CSCI A114 / INFO I111
Lecture Notes Two

First semester 2000-2001


Relational databases: Terminology.

Recall that a database system is a computerized record-keeping system

(a kind of electronic file cabinet)
whose overall purpose is to The user of such a system will be given facilities to perform a variety of operations, the following among others: What have we done so far, in the lab?

We've learned how to

Let's take a look at our tables.

There are two of them.

First, we have the Marina table:

Marina table
Marina Number Name Address City State Zip Code Warranty Non-warranty Tech Number
AD57 Alan's Docks 314 Central Burton MI 49611 $1,248.00 $597.75 23
AN75 Afton's Marina 21 West 8th Glenview MI 48121 $1,906.50 $831.25 36
BL72 Brite's Landing 281 Robin Burton MI 49611 $217.00 $0.00 36
EL25 Elend Marina 462 River Torino MI 48268 $413.50 $678.75 49
FB96 Fenton's Boats 36 Bayview Cavela MI 47926 $923.20 $657.50 23
FM22 Fedder Marina 283 Waterfront Burton MI 49611 $432.00 $0.00 36
JB92 JT Boat Club 28 Causeway Torino MI 48268 $0.00 $0.00 36
NW72 Nelson's Wharf 27 Lake Masondale MI 49832 $608.50 $520.00 23
SM72 Solton's Marine 867 Bay Ridge Glenview MI 48121 $462.50 $295.00 49
TR72 The Reef 92 East Bay Woodview MI 47212 $219.00 $0.00 36

The Marina table has the following structure:

Structure of Marina table
Field Name Data Type Field Size Primary Key?
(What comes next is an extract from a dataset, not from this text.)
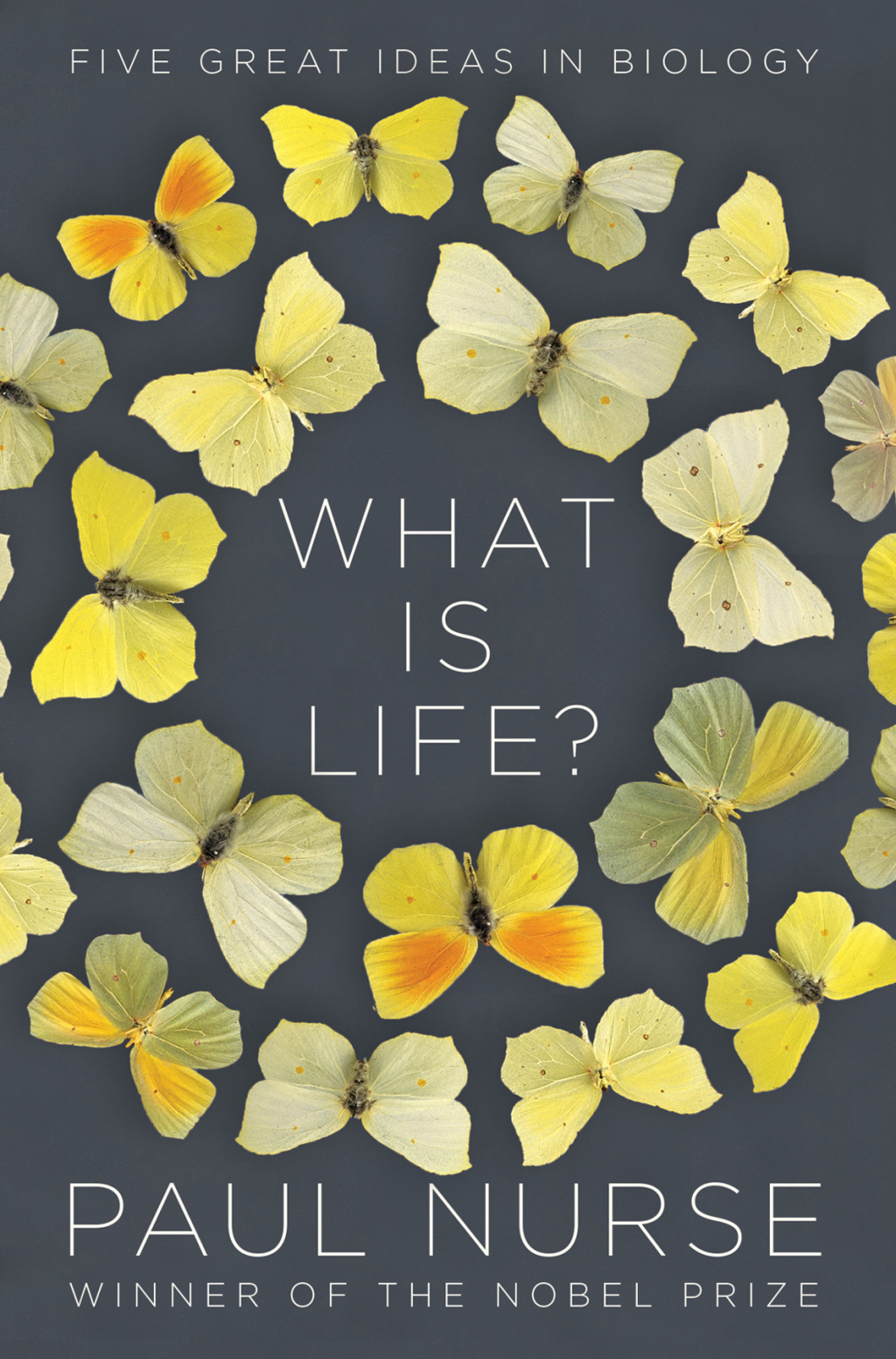 What Is Life?: Five Great Ideas in Biology - (PDF/EPUB Version)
Description
Marina Number Text 4 Yes Marina Number (Primary Key)
Name Text 20 Marina Name
Address Text 15 Street Address
City Text 15 City
State Text 2 State (Two-Character Abbreviation)
Zip Code Text 5 Zip Code (Five-Character Version)
Warranty Currency Current Warranty Amount
Non-warranty Currency Current Non-warranty Amount
Tech Number Text 2 Number of Marina's Technician

Then we have the Technician table:

Technician table
Tech Number Last Name First Name Address City State Zip Code Hourly Rate YTD Earnings
23 Anderson Trista 283 Belton Port Anton MI 47989 $24.00 $17,862.00
36 Nichols Ashton 978 Richmond Hewitt MI 47618 $21.00 $19,560.00
49 Gomez Teresa 2855 Parry Ashley MI 47711 $22.00 $21,211.50

The Technician table has the following structure:

Structure of Technician table
Field Name Data Type Field Size Primary Key? Description
Tech Number Text 2 Yes Technician Number (Primary Key)
Last Name Text 10 Last Name of Technician
First Name Text 8 First Name of Technician
Address Text 15 Street Address
City Text 15 City
State Text 2 State (Two-Character Abbreviation)
Zip Code Text 5 Zip Code (Five-Character Version)
Hourly Rate Currency Hourly Rate of Technician
YTD Earnings Currency YTD Earnings of Technician

The fact that Access stores data in tables is not accidental.
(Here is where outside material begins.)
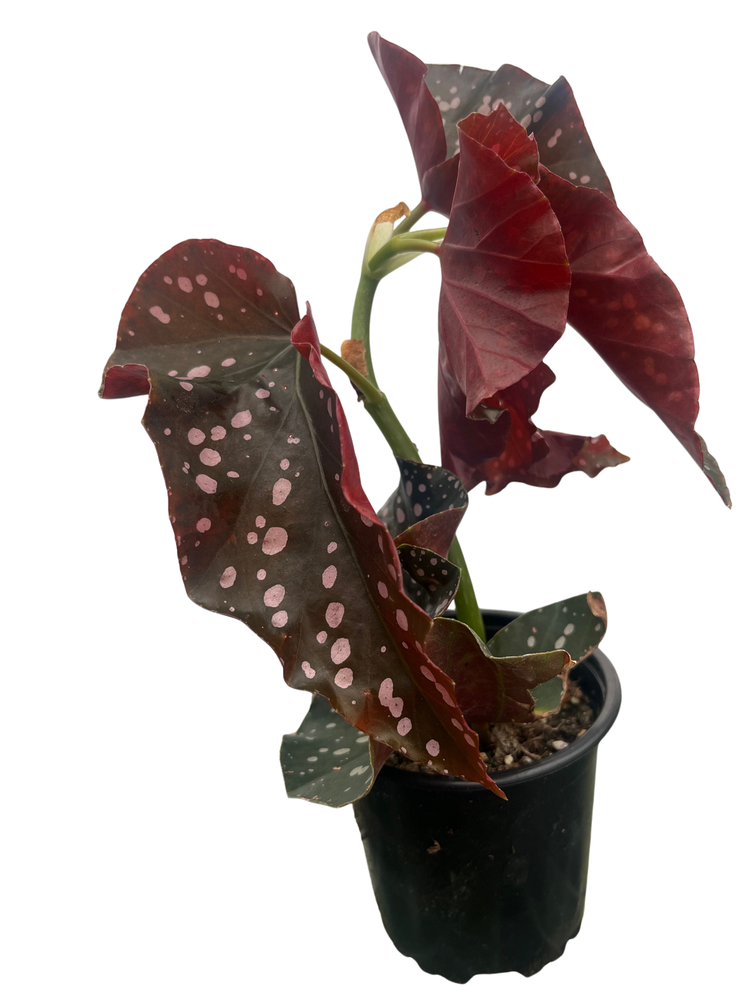 Crackling Rosie Begonia Plant - 3.7" Pot - Excellent Houseplant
Relational Systems and Others

Almost all of the database products developed since the late 1970s have been based on what is called the relational approach (or the relational data model).

What does it mean for a system to be relational?

At this stage in the course the following answer can be given:

Briefly, a relational system is one in which:

  1. the data is perceived by the user as tables (and nothing but tables)

  2. the operators at the user disposal (e.g., for data retrieval) are operators that generate new tables from old.

Let's clarify what we mean by the second aspect, regarding operators. Essentially there will be an operator to extract a subset of the rows of a given table, and another to extract a subset of the columns, and of course a row subset and a column subset of a table can both in turn be regarded as tables themselves.

We can refines this even further, to be more precise.

In a relational database management system the operators at the user's disposal (e.g., for data retrieval) are operators that generate new tables from old, and those operators include at least the following three operators:

  1. SELECT (also know as RESTRICT) -- extracts specified rows from a table

  2. PROJECT -- extracts specified columns from a table

  3. JOIN -- joins together two tables on the basis of common values in a common column

Let's illustrate how we can use these operators.

Queries

Now that Bavant has created a database with marina and technician data, the management and staff of the organization hope to gain the benefits they expected when they set up the database. One of the more important benefits is the capability of easily asking questions concerning the data in the database and rapidly obtaining the answers. Among the questions they want answered are the following:

  1. What are the warranty and non-warranty amounts for marina EL25

  2. Which marinas' names begin with Fe?

  3. Which marinas are located in Burton?

  4. What is the total amount (warranty amount plus non-warranty amount) for each marina?

  5. Which marinas of technician 36 have warranty amounts of more than $1,000 dollars?

You'll learn how to ask these questions of Access in lab.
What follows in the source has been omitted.